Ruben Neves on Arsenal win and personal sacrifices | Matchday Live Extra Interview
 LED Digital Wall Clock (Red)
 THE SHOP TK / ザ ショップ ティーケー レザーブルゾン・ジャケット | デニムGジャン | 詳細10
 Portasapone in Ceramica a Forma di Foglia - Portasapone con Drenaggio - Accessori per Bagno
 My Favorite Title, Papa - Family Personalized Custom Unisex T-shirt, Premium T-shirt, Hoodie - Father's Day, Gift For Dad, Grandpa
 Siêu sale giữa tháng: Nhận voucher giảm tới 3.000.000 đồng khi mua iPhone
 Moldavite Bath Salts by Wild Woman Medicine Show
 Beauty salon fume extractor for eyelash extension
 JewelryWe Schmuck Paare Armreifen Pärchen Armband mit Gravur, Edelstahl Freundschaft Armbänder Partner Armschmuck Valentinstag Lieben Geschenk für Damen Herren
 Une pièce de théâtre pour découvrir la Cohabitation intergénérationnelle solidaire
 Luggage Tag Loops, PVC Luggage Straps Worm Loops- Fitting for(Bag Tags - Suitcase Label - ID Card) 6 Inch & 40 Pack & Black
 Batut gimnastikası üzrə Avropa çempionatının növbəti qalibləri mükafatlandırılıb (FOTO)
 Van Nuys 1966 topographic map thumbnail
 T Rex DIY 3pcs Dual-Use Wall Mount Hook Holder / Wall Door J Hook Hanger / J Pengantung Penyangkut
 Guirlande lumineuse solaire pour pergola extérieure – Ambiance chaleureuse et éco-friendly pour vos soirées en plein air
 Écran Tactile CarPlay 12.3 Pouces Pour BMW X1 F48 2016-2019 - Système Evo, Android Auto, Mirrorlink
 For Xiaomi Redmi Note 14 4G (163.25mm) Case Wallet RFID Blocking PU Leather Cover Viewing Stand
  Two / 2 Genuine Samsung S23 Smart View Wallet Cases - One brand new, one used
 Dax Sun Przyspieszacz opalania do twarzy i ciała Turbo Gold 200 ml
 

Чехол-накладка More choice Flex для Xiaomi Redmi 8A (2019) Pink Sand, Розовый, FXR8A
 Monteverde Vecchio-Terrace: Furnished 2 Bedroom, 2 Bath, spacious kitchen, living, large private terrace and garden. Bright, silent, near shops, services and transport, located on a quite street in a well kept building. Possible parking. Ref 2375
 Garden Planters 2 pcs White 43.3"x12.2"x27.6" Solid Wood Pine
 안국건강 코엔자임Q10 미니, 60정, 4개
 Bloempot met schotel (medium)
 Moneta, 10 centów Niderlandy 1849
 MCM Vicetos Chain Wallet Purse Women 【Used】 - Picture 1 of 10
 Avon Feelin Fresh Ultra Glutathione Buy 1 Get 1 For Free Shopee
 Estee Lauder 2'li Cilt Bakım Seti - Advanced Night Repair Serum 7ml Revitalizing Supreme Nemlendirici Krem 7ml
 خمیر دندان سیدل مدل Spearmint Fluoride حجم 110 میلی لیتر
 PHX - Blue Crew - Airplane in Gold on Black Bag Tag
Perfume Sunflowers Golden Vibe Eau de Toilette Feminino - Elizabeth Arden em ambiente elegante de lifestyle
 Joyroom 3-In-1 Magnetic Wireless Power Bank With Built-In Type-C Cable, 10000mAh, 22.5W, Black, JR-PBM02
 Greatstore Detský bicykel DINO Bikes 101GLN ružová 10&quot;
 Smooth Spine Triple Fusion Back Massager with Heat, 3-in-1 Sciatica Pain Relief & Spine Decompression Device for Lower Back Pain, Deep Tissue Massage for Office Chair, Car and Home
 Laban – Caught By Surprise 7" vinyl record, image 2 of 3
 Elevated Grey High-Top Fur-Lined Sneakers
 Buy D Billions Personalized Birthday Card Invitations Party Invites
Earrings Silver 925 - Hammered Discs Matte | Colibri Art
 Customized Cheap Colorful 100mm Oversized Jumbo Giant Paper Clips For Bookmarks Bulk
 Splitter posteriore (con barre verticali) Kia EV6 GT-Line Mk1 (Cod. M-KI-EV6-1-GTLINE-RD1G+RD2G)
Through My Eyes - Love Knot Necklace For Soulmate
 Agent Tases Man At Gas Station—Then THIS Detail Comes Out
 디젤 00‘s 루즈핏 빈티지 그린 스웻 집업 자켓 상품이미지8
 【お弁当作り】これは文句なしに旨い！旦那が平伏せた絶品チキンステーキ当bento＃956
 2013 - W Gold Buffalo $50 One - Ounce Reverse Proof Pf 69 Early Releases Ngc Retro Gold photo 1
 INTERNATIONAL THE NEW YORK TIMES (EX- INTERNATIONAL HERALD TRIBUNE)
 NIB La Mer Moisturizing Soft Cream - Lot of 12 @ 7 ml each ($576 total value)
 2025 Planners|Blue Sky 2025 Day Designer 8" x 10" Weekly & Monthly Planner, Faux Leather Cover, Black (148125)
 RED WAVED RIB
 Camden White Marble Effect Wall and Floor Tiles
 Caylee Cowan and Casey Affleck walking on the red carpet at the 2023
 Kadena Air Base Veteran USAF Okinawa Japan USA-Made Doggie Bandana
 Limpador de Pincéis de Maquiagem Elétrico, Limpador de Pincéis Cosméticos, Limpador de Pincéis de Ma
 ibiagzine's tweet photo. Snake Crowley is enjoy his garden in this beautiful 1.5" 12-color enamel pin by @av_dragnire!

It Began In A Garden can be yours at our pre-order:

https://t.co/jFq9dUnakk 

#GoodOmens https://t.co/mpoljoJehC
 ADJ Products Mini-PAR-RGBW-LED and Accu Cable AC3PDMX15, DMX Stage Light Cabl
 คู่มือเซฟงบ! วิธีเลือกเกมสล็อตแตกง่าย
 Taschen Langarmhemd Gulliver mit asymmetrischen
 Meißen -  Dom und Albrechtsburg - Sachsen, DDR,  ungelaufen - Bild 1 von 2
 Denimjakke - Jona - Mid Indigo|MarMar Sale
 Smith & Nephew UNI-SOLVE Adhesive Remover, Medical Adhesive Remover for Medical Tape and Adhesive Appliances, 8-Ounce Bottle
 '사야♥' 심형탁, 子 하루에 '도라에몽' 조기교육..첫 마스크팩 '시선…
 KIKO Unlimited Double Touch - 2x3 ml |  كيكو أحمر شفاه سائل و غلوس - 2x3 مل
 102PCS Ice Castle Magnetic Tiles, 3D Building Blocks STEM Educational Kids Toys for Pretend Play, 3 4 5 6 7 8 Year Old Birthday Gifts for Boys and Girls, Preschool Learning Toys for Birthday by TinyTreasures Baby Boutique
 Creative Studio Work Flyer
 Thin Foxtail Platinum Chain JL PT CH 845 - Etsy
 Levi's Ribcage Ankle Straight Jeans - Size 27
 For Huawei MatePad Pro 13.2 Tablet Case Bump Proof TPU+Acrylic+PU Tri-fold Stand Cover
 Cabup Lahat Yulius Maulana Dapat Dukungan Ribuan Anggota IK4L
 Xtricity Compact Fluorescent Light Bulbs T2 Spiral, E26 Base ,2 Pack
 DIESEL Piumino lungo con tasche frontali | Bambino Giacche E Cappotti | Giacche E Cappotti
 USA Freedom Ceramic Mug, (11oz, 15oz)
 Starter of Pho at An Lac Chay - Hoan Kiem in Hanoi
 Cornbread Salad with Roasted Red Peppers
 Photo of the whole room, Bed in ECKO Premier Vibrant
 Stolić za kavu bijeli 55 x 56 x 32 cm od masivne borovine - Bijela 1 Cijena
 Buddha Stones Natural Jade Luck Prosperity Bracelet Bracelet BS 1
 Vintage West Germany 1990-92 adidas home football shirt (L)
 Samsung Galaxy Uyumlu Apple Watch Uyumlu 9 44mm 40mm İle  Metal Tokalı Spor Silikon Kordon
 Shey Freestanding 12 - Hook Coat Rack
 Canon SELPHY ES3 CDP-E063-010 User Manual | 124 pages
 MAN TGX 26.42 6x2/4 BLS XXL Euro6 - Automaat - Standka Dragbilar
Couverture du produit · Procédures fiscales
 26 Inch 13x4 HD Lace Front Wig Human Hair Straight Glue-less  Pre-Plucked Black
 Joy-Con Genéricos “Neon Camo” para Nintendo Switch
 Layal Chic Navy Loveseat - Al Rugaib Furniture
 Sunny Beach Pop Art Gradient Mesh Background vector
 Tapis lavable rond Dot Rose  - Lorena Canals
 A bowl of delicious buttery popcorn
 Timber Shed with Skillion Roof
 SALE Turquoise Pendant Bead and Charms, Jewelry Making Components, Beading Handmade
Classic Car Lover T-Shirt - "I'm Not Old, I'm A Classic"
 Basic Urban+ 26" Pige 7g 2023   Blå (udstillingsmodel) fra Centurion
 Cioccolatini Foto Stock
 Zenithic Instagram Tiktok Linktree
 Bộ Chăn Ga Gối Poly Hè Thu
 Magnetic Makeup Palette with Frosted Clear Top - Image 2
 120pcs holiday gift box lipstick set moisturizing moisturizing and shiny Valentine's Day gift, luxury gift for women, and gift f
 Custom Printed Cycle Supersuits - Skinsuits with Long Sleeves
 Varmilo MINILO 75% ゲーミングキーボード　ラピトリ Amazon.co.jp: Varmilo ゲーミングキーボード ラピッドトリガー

====================

### PROBLEM
Everything above from the line with "Dax Sun Przyspieszacz" to the line with "MCM Vicetos Chain", both included, must be repeated exactly, and nothing outside that range.

### EXERCISE SOLUTION
 Dax Sun Przyspieszacz opalania do twarzy i ciała Turbo Gold 200 ml
 

Чехол-накладка More choice Flex для Xiaomi Redmi 8A (2019) Pink Sand, Розовый, FXR8A
 Monteverde Vecchio-Terrace: Furnished 2 Bedroom, 2 Bath, spacious kitchen, living, large private terrace and garden. Bright, silent, near shops, services and transport, located on a quite street in a well kept building. Possible parking. Ref 2375
 Garden Planters 2 pcs White 43.3"x12.2"x27.6" Solid Wood Pine
 안국건강 코엔자임Q10 미니, 60정, 4개
 Bloempot met schotel (medium)
 Moneta, 10 centów Niderlandy 1849
 MCM Vicetos Chain Wallet Purse Women 【Used】 - Picture 1 of 10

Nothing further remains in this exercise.